7.5 The right of the customer to assert further claims for damages under the following conditions shall remain unaffected.

7.6 Notwithstanding the above provisions and the following limitations of liability, we shall be liable without limitation for damages to life, body and health resulting from a negligent or intentional breach of duty by our legal representatives or our vicarious agents, as well as for damages covered by liability under the Product Liability Act, and for all damages resulting from intentional or grossly negligent breaches of contract and fraudulent intent on the part of our legal representatives or our vicarious agents. Insofar as we have given a guarantee of quality and/or durability with regard to the goods or parts thereof, we shall also be liable within the scope of this guarantee. However, we shall only be liable for damages which are based on the absence of the guaranteed quality or durability but which do not occur directly on the goods if the risk of such damage is clearly covered by the quality and durability guarantee.

7.7 We shall also be liable for damage caused by simple negligence insofar as this negligence concerns the breach of such contractual obligations, compliance with which is of particular importance for achieving the purpose of the contract (cardinal obligations). However, we shall only be liable insofar as the damages are typically associated with the contract and are foreseeable. Otherwise, we shall not be liable for simple negligent breaches of secondary obligations that are not essential to the contract. The limitations of liability contained in sentences 1 - 3 shall also apply insofar as the liability for the legal representatives, executive employees and other vicarious agents is concerned.

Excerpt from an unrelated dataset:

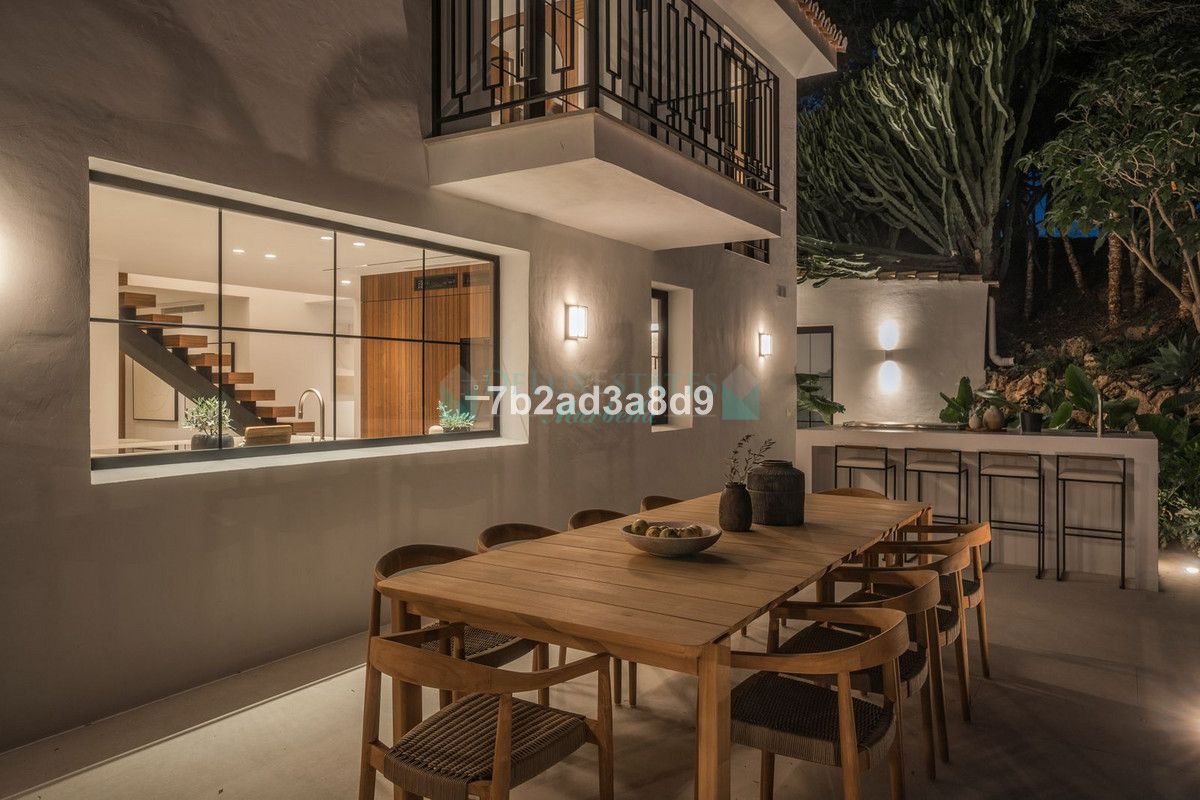 Semi Detached Villa for sale in Nueva Andalucia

7.8 Any further liability is excluded regardless of the legal nature of the claim asserted. Insofar as our liability is excluded or limited, this shall also apply to the personal liability of our employees, workers, staff, representatives and vicarious agents. 7.9 The warranty period is generally 2 years, calculated from the transfer of risk. If a defect has become apparent within the limitation period, the limitation period shall not expire before the expiry of four months after the time at which the defect first became apparent. If the customer has handed over the goods to us or to a third party at our instigation for subsequent performance or to fulfill claims under a guarantee, the limitation period for claims based on the asserted defect shall not expire before two months after the date on which the repaired or replaced goods were handed over to the customer. . This period shall also apply to claims for compensation for consequential damage caused by a defect, provided that no claims in tort are asserted.

8 Miscellaneous

8.1 This contract and the entire legal relationship between the parties shall be governed by the laws of the Federal Republic of Germany to the exclusion of the UN Convention on Contracts for the International Sale of Goods (CISG).

8.2 Should individual provisions of this contract be or become invalid or contain a loophole, the remaining provisions shall remain unaffected.